Stored items:

- - - -

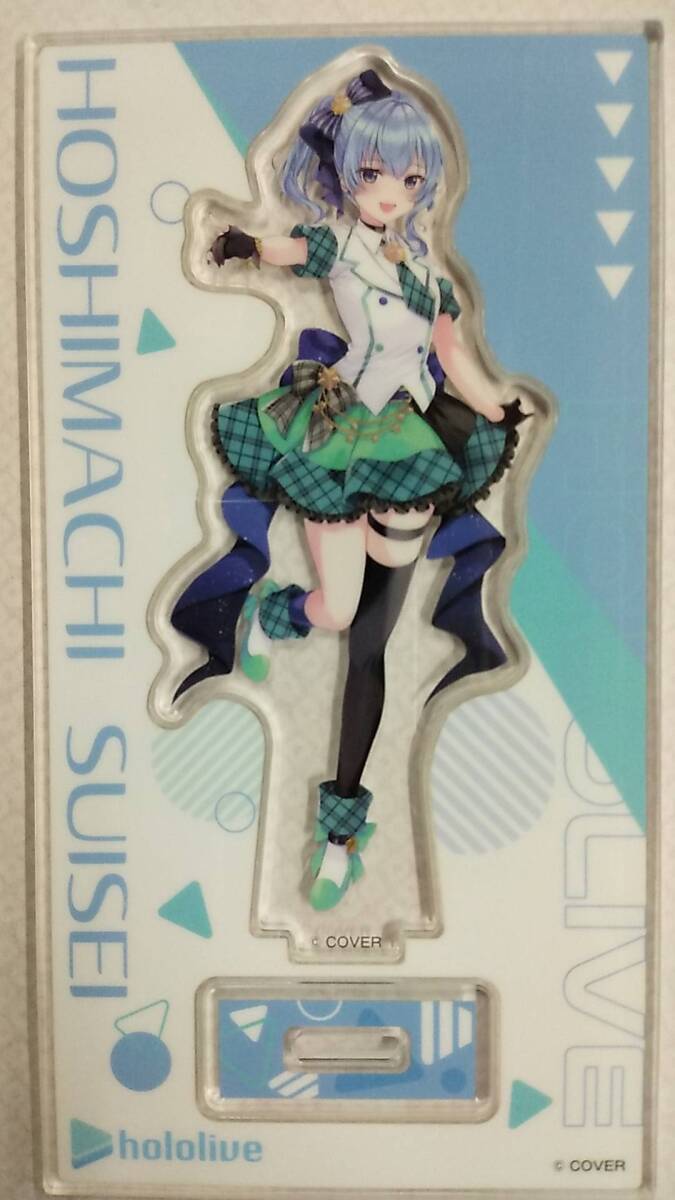 ホロライブ×ファミリーマート ホロマートvol.7 オリジナルアクリルスタンド 星街すいせい【hololive Acrylic Stand Hoshimachi Suisei】拍卖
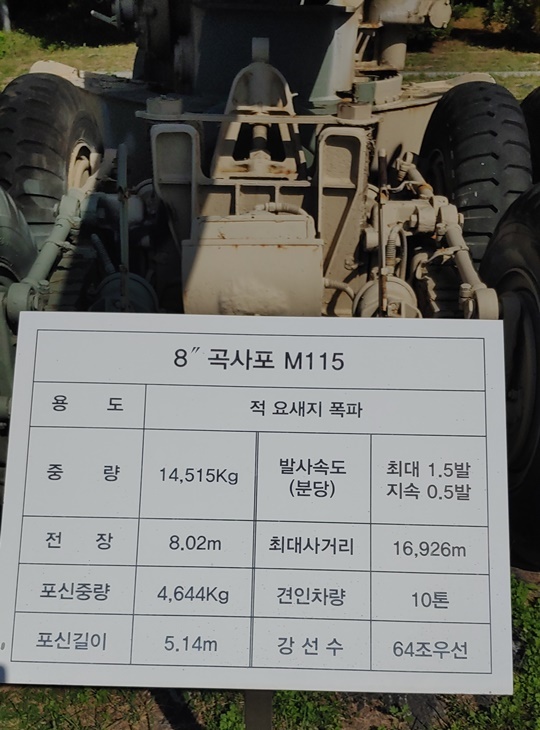 을지매점 이미지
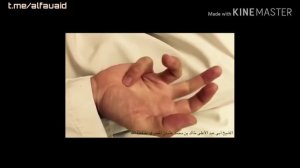 Как делать тасбих рукой по Сунне? - Шейх Халид 'Усман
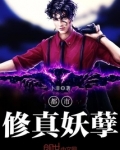 都市修真妖孽石败天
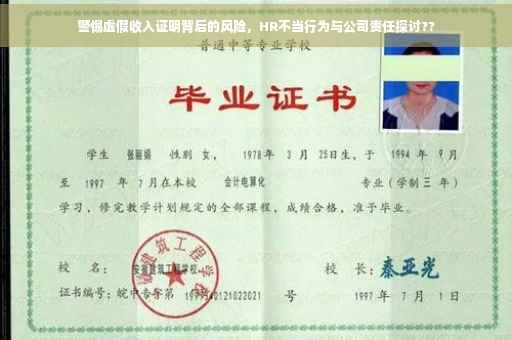 警惕虚假收入证明背后的风险，HR不当行为与公司责任探讨??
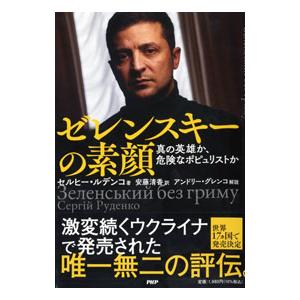 ゼレンスキーの素顔／ＲｕｄｅｎｋｏＳｅｒｈｉ〓〓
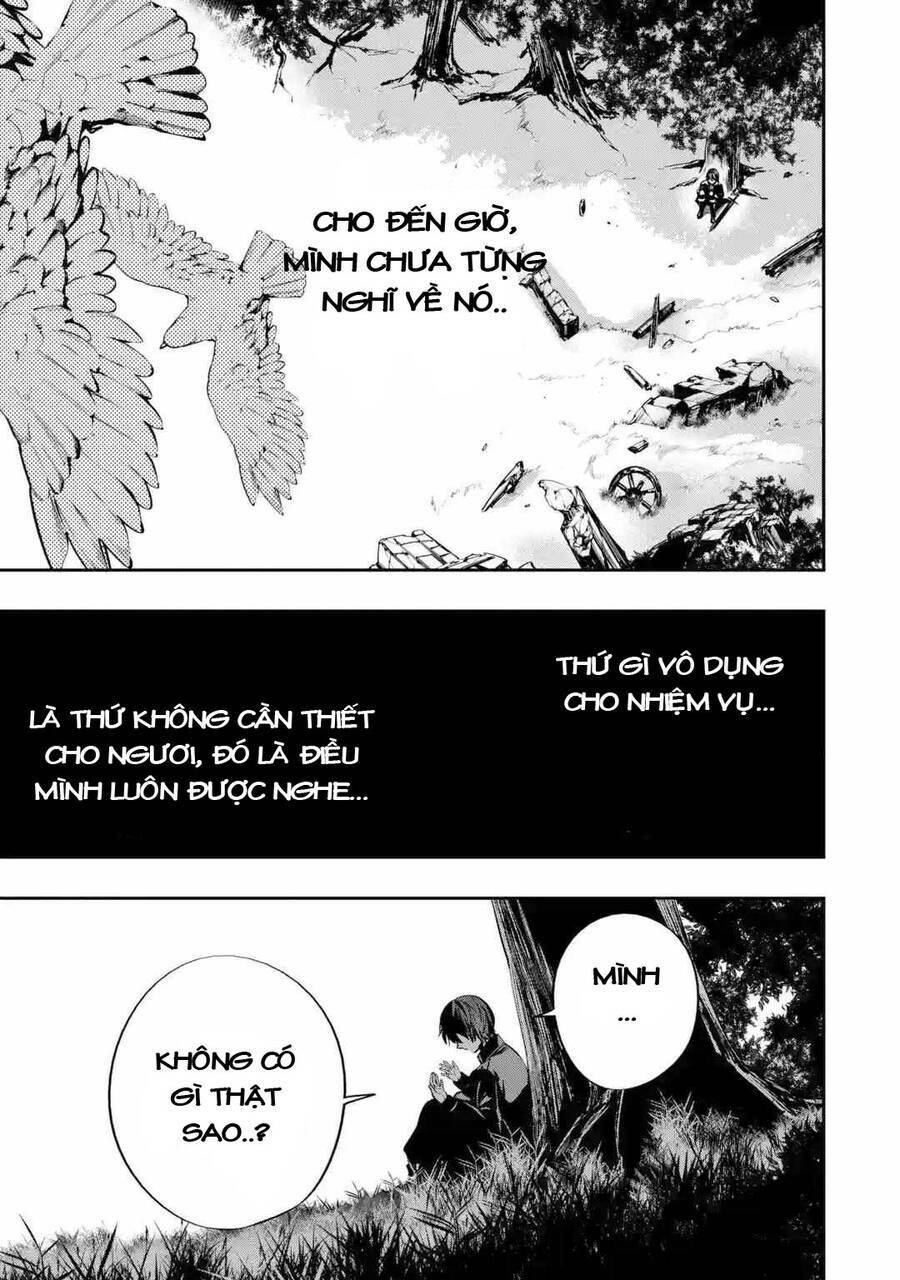 Vũ Khí Tối Thượng Của Đế Quốc Tới Học Viện Làm Học Viên Bình Thường - Chapter 1 - Page 20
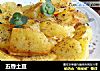 五香土豆的做法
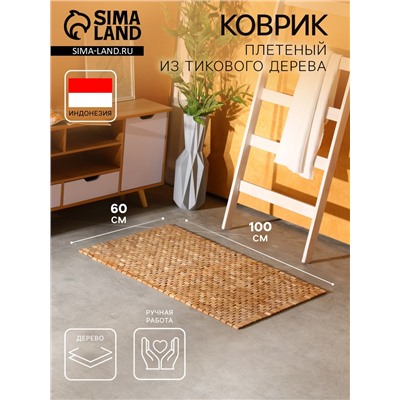 Коврик из тикового дерева, 100×60×0.7 см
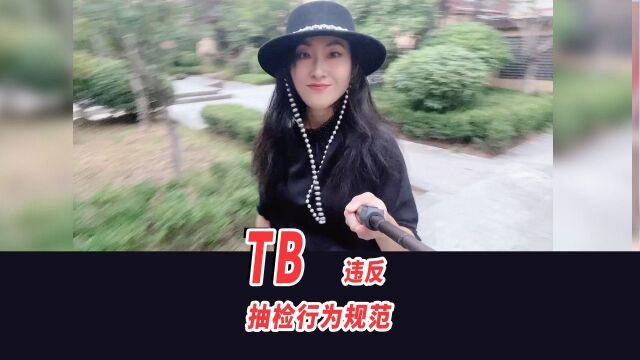 yao488yao关于淘宝违反抽检行为规范严重违规的处理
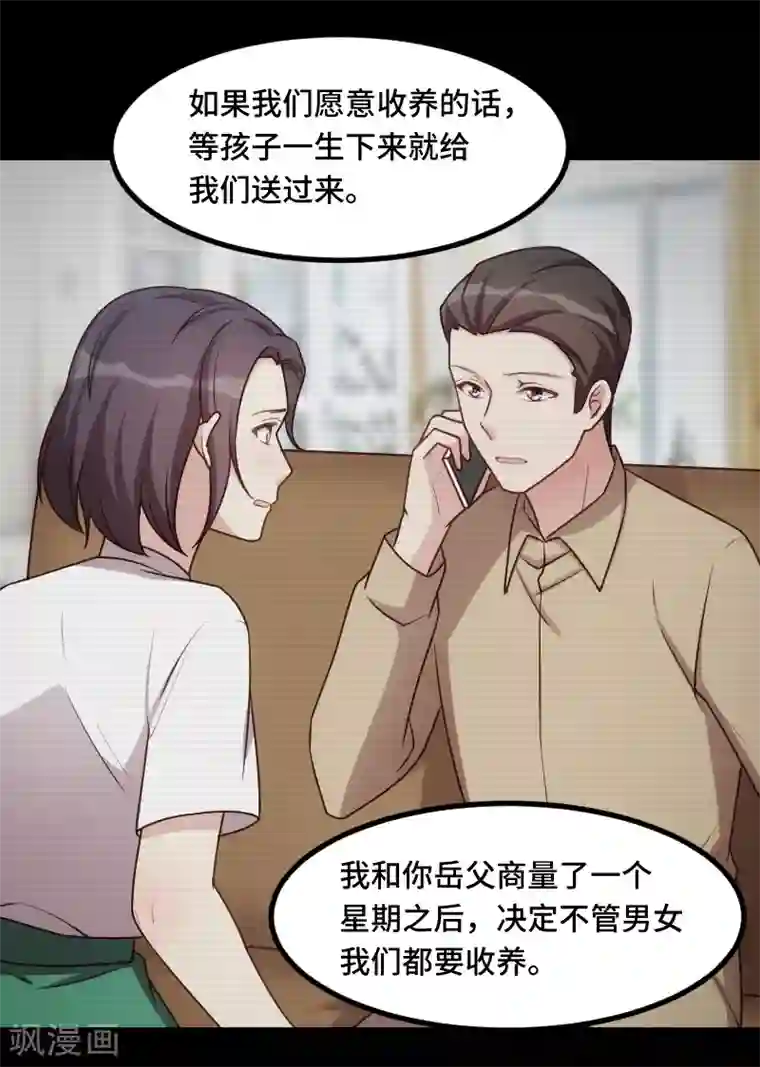 贺少的闪婚暖妻第228话 双胞胎姐妹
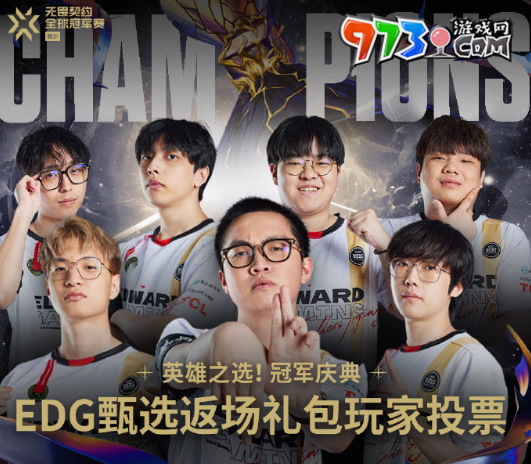 《無畏契約》EDG甄選皮膚返場(chǎng)投票玩法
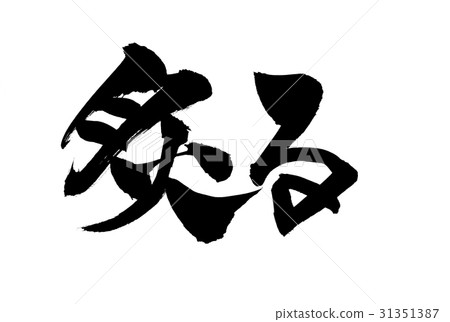烤刷木炭 31351387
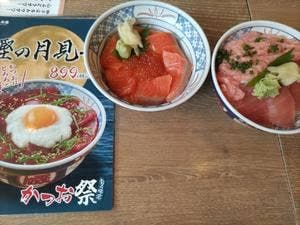 磯丸水産 赤羽南口店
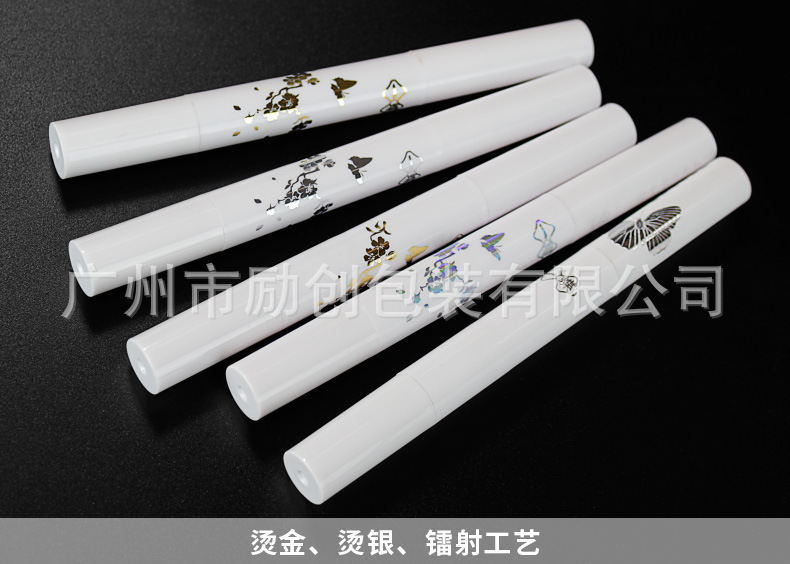 5ml金色套铝舌片头_18.jpg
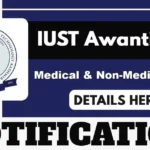 IUST Junior Research Fellow Post 2025 At FRIIS – Apply By 13 July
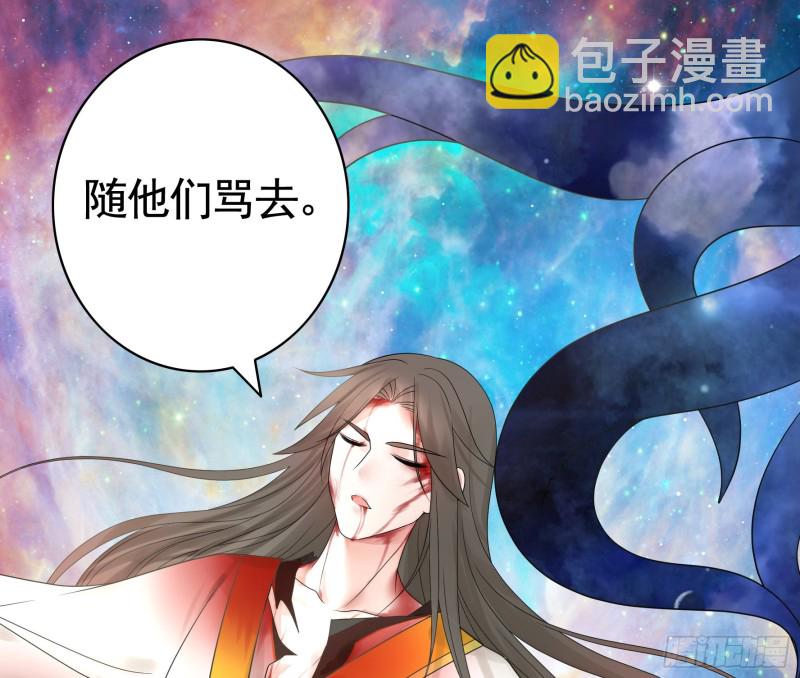 就地结婚好不好-第60话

- - - -

Instructions for the task — An exact retyping of each record, with no pictures, is the answer required.

Solution for this task —
 ホロライブ×ファミリーマート ホロマートvol.7 オリジナルアクリルスタンド 星街すいせい【hololive Acrylic Stand Hoshimachi Suisei】拍卖
 을지매점 이미지
 Как делать тасбих рукой по Сунне? - Шейх Халид 'Усман
 都市修真妖孽石败天
 警惕虚假收入证明背后的风险，HR不当行为与公司责任探讨??
 ゼレンスキーの素顔／ＲｕｄｅｎｋｏＳｅｒｈｉ〓〓
 Vũ Khí Tối Thượng Của Đế Quốc Tới Học Viện Làm Học Viên Bình Thường - Chapter 1 - Page 20
 五香土豆的做法
 Коврик из тикового дерева, 100×60×0.7 см
 yao488yao关于淘宝违反抽检行为规范严重违规的处理
 贺少的闪婚暖妻第228话 双胞胎姐妹
 《無畏契約》EDG甄選皮膚返場(chǎng)投票玩法
烤刷木炭 31351387
 磯丸水産 赤羽南口店
 5ml金色套铝舌片头_18.jpg
 IUST Junior Research Fellow Post 2025 At FRIIS – Apply By 13 July
 就地结婚好不好-第60话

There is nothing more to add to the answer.